Pages

Sunday 29 September 2013

Minangkabau “Pewarisan Harta Pusaka”




Image


Kebanyakan kita berasumsi bahwa dengan mengaplikasikan matrilineal sistem, masyarakat minagkabau berupaya untuk meningkatkan derjat kaum perempuan. Karena garis keturunan masyarakat turun temurun berdasarkan garis keturunan ibu. Tapi apakah benar demikian? Benarkah masyarakat minagkabau menempatkan wanita pada posisi teratas?bagaimana dengan kedudukan Bundo Kanduang?
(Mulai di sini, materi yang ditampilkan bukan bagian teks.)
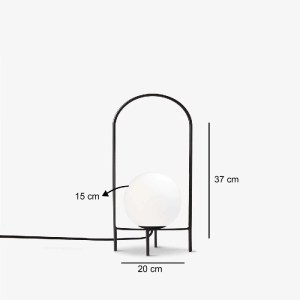 glo-204-0139-204_0139_2.webp GLOBOSTAR® SPIDY 204-0139 ΜΟΝΤΕΡΝΟ EΠΙΤΡΑΠΕΖΙΟ ΦΩΤΙΣΤΙΚΟ ΜΟΝΟΦΩΤΟ 1 X E27 IP20 ΜΑΥΡΟ ΜΕΤΑΛ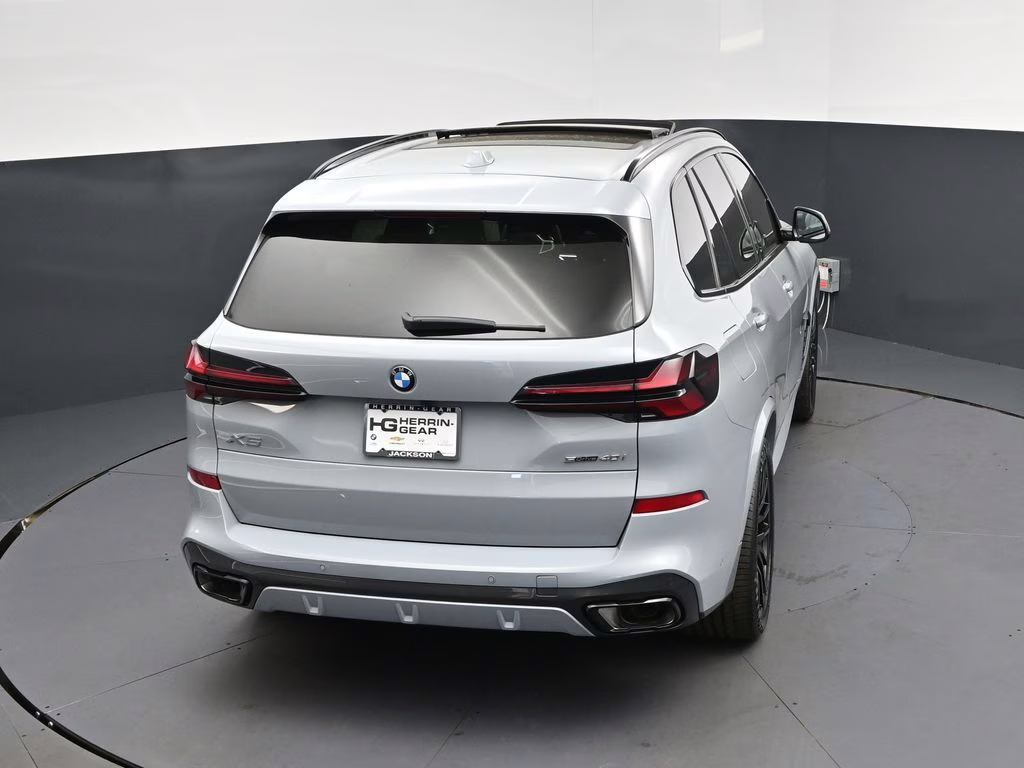 2026 Brooklyn Grey Metallic BMW X5 sDrive40i RWD SUV
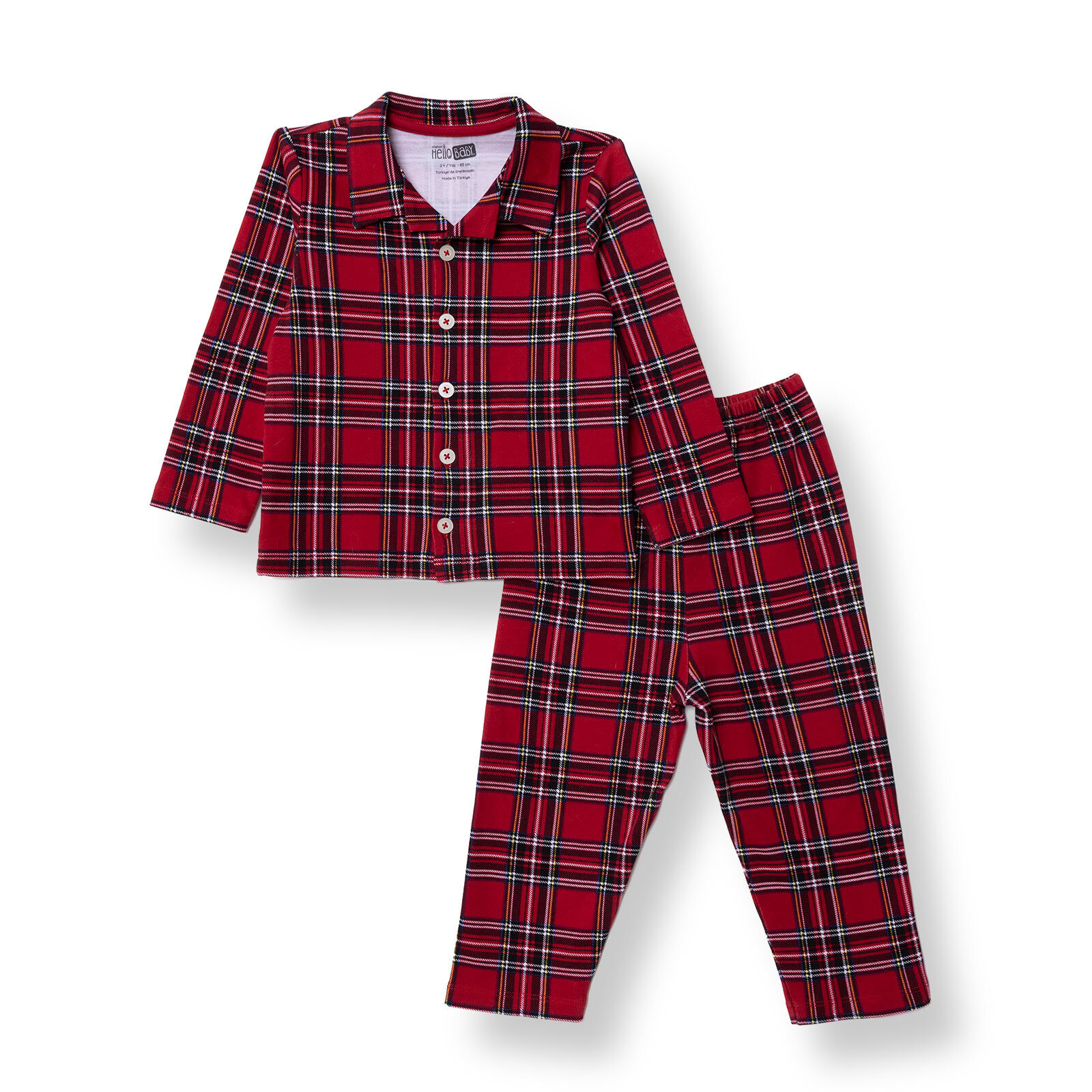 Uzun Kol Pijama Takımı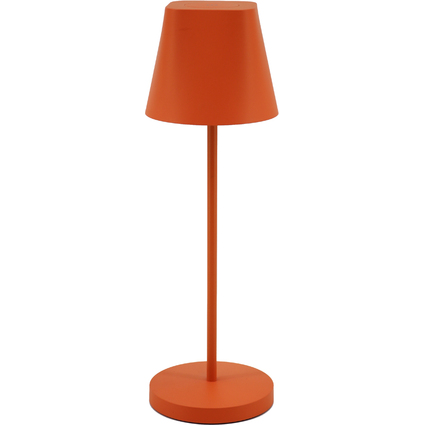 UNiLUX Akku-LED-Tischleuchte AVA, Standfu, orange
Atau sbenarnya matrilineal system ini di aplikasikan untuk memberikan keterbatasan kepada wanita untuk berekspressi dan mendapatkan kehidupan yang lebih baik.

Pertama tama yang harus dilakukan adalah membedakan antara matrilineal, patrinineal, dan patriarki. Masyarakat matrilineal, tidak berarti tidak menganut konsep patriarki. Matrilineal dan patrilineal adalah sistem garis keturunan yang diturunkan dari generasi ke generasi berdasarkan garis keturunan ibu dan ayah. Sedangkan patriarki adalah sistem sosial dimana laki-laki menjadi pusat organisasi sosial yang memegang otoritas. Bagaimana dengan sistem matrilineal di minangkabau? Pengaplikasian sistem matrilineal di minangkabau mempengaruhi beberapa askpek kehidupan sosial masyarakat. Sistem ini mempengaruhi sistem penurunan harta pusaka, pernikahan, dan sistem kekerabatan lainnya.

Kebanyakan kita berpendapat bahwa menjadi anak perempuan dalam masyarakat Minagkabau adalah suatu keberuntunngan besar, karna harta akan jatuh ke tangan kaum perempuan. Tapi pernyataan tersebut tidak sepenuhnya benar. Kenapa demikinan? Karna harta yang diturunkan kepada kaum perempuan tidak akan pernah di miliki oleh perempuan itu sendiri. Harta pusako yang diturunkan dari mamak ke kemenakan bukanlah harta yang bisa dimiliki oleh perempuan, karna harta tersebut milik kaum yang tidak dapat di perjual belikan, dan harta tersebut tidak bisa dimiliki pribadi/individu. Harta ini berupa sawah, ladang, kolam ikan, pekuburan, tanah ulayal, langgar, dan lainnya. Namun harta tersebut digunakan sebagai jaminan kehidupan masyarakat. Oleh karena itu tidak lah tepat kiranya jika kita berasumsi bahwa wanita di minagkabau akan mendapatkan harta dari kaum tua mereka, karna perempuan pada dasarnya tidak mendapatkan harta.

Harta pusaka minagkabau terbagi dua, yaitu harta pusaka tinggi yang tidak di ketahui lagi asal usulnya. Harta ini adalah harta kaum yang tidk bisa dimiliki secara individu, dan penurunannya pun dari mamak ke kemenakan. Kedua adalah harta pusaka rendah, harta ini merupakan harta hasil pencarian dari orang tua selama masa perkawinan dan juga mamak yang kemudian dijadikan cadangan harta yang akan menambah harta pusaka tinggi. Apabila harta tersebut di hasilkan oleh orang tua semasa perkawinan, maka harta tersebut akan dibagi dua antara kaum si bapak san ibu.

Berdasarkan penjelasan di atas, kita dapat melihat bahwa pernyataan bahwa harta jatuh ke tangan perempuan tidak sepenuhnya benar, karna harta tersebut merupakan milik kaum yang tidak bisa dibagi-bagi. Tidak benar adanya bahwa mengaplikassian sistem matrilineal di minagkabau di tujukan untuk menempatkan perempuan pada posisi teratas susunan masyarakat. Tidak benar adanya jika harta kaum diturunkan secara turun temurun kepada perempuan. Salah satu yang jelas-jelas diwariskan kepada perempuan adalah suku yang bertujuan untuk mengidentifikasi kaum golongannya.

Jika benar perempuan mendapatkan harta dari para pendahulunya, kenapa masarakat minagkabau memakai istilah penurunan harta yang “diturunkan dari mamak dan kemenakan”. Seperti yang kita ketahui, seorang mamak haruslah seorang laki-laki, itu berarti harta tersebut diturunkan kepada laki-laki kepada laki-laki yang kemudian digunakan untuk kepentingan kaum.


sumber dari: myfeministthought.wordpress.com

1 comment:

  1. Terima kasih atas perkongsian. Saya masih cuba memahami adat orang Minang. Cuma saya nampak orang perempuan seolah-olah mempunyai kuasa yang lebih ke atas harta pusaka.